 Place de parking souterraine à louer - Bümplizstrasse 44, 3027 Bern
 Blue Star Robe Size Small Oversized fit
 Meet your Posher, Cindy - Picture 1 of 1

### [Requirement]
Could you reproduce every line of the listing exactly?

### [Finished task]
 Place de parking souterraine à louer - Bümplizstrasse 44, 3027 Bern
 Blue Star Robe Size Small Oversized fit
 Meet your Posher, Cindy - Picture 1 of 1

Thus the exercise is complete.